System Problems?


“If you don’t like the system, create your own system.”
— Abd’el Hakim Awyan, Khemitian Wisdom Keeper

In the true fashion of a stereotypically unreliable wizard, I spontaneously took the last two weeks off. I wanted to begin work on a fictional side-project and recharge my own batteries to prepare for the seasonal changes to come. And celebrate my birthday. Yes, I missed the vernal equinox, something attentive readers will note goes against what I’ve said before regarding my primary responsibility as a wizard to mark the turning of the year’s wheel and the High Holy Holidays.

Well, I’m a wizard, so there are times in which I am entitled to make things up as I go along.

As I write this, I type beneath the first full moon of spring and during the first moments of this year’s Holy Thursday. Like it or not, it is from here that we shall begin our celebration of the new season. In honor of the new life we are soon to see burst forward from the earth, I have redesigned the site to a layout that better reflects our purpose and intent. And so that it looks prettier. Hopefully you enjoy, but feel free to let me know either way.

Just short of six months ago, I introduced myself and this site to the interwebs. I have no idea if any of you have learned anything or benefited in any way from what I’ve brought to the table, but I can tell you I’ve learned a ton. I’ve gained a great deal from what little ground we’ve covered so far. For those things, I thank you. To those of you who are new to this little diversionary side-path we are sharing, I say welcome and salaam.

Ultimately, markers of time are not merely moments of celebration or breaks for self-congratulation but points at which to pause and take stock, to look at what we’ve set out to do, what we’re currently doing, and what we want to do. Back in October, I had a rough idea of which direction I was setting out to head in, and I don’t wish to amend any of that. To update and refresh, however, I would call your attention to the quote featured above, for it is in that simple line that I can most fully define my intent.

I am not concerned over whether everyone, or a majority, or even a plurality agrees with my views on fundamental matters of life; I suspect that many do, but I don’t spend much time thinking about it. I have become a wizard because I find our institutions and much of our culture to be lacking. Our religious institutions are lacking in that they clearly are not meeting the most basic spiritual needs of the vast majority of the people. Our civic institutions are lacking in more ways than I wish to enumerate here. Our economic way of life is destructive and divisive and ultimately unfulfilling. Our culture lacks even the most basic functionality with regard to shared mythology or even marking the changes in the year.

Without disavowing politics and activism–I would never–I understand that I’m not going to overthrow the government. No one is going to rush in an anarchist frenzy over to topple Wall Street. We won’t have an Arab Spring here, either, because we’re too bogged down by triviality and our own intramural disharmony to agree on what our problems are and who or what are responsible. We can’t just wait for that to happen, either, or go down hard in a quixotic quest to bring it about. That’s fine if that’s your thing, but it isn’t mine.
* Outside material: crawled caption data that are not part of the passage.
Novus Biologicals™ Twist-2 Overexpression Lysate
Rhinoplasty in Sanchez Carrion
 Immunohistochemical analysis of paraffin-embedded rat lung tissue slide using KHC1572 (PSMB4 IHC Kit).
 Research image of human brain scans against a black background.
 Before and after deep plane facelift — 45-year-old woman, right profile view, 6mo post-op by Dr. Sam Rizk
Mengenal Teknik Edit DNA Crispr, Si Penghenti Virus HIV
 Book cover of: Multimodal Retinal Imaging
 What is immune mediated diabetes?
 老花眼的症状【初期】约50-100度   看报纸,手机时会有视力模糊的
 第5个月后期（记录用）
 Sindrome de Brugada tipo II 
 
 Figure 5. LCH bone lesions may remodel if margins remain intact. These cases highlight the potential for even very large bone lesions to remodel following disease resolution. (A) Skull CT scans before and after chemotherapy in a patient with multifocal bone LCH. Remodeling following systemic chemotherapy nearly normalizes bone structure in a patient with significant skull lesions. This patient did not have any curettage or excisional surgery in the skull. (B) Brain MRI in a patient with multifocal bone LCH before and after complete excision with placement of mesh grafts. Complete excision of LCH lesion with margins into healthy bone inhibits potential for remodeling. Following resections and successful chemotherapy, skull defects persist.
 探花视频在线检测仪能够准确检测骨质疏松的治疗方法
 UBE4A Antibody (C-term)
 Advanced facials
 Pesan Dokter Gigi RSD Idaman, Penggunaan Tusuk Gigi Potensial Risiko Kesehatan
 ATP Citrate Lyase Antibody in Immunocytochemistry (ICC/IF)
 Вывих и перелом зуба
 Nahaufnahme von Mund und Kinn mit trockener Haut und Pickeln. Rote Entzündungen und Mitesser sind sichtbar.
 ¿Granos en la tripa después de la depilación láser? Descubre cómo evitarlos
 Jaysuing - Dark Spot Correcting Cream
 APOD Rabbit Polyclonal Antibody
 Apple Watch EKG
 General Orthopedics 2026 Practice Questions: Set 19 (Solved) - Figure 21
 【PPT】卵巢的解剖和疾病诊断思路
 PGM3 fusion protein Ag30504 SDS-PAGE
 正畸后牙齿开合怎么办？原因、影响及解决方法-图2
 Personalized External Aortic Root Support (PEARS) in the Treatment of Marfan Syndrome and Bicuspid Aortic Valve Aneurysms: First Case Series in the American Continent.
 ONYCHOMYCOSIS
My conviction is simply this: there are small ways we can open our eyes, small ways in which we can invite just a little more truth and light into the environment and our own journeys. That’s all. And I don’t care if anyone decides to adopt it–I still think everyone will be better off just for the sake of the existence of another constructed system sitting there, available. The ways in which I construct it are mostly just attempting to live it out and attempting to talk about it.

That’s what a wizard does–but anybody else can do it, too.